• YOUR OBJECTIVE:
Print the entries exactly; skip the pictures.

• Short descriptive text snippets:
┄┄┄┄┄┄

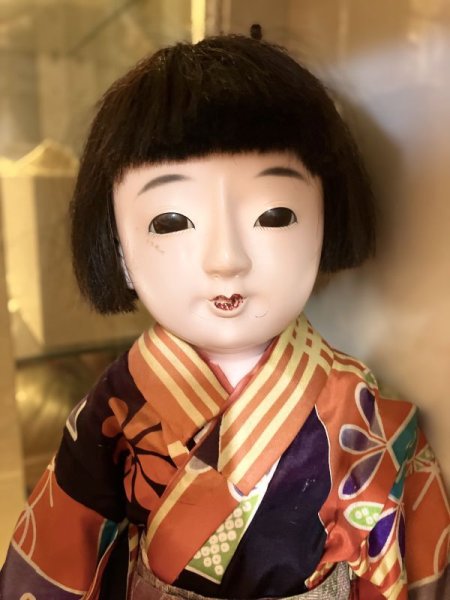 画像3: 大きな大正時代の市松人形『明仙のお着物』人毛　傷有　経年劣化有63cmアンティーク (3)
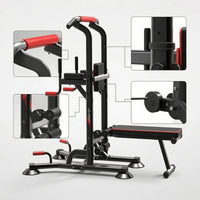 Strength Training Station with Bench Multifunctional Adjustable Strength Training Station Freestanding Pull up Bar with Bench for Fitness Enthusiasts
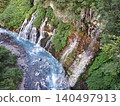 The clear blue waters of the Biei River and the glittering, lush green valleys of Biei Town, Hokkaido. 140497913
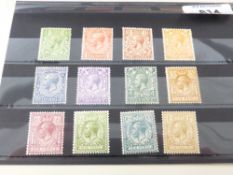 GB GV 1924 BLOCK CYPHER WMK DEFINITIVES SET 12, ALL MNH Card with set of the Block Cypher wmk from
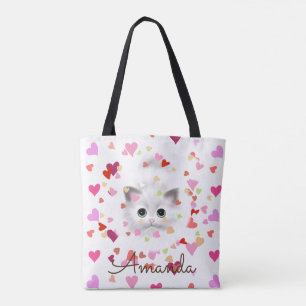 Roze Confetti White Kitten Canvas tas
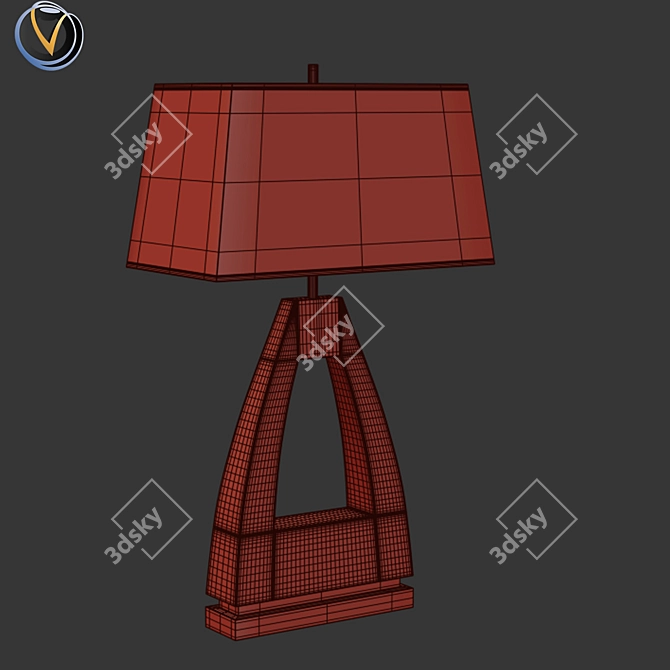 Sleek Pecan Trina Table Lamp 3D model image 2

┄┄┄┄┄┄

• ANSWER FOR THE TASK:
 画像3: 大きな大正時代の市松人形『明仙のお着物』人毛　傷有　経年劣化有63cmアンティーク (3)
 Strength Training Station with Bench Multifunctional Adjustable Strength Training Station Freestanding Pull up Bar with Bench for Fitness Enthusiasts
 The clear blue waters of the Biei River and the glittering, lush green valleys of Biei Town, Hokkaido. 140497913
 GB GV 1924 BLOCK CYPHER WMK DEFINITIVES SET 12, ALL MNH Card with set of the Block Cypher wmk from
 Roze Confetti White Kitten Canvas tas
 Sleek Pecan Trina Table Lamp 3D model image 2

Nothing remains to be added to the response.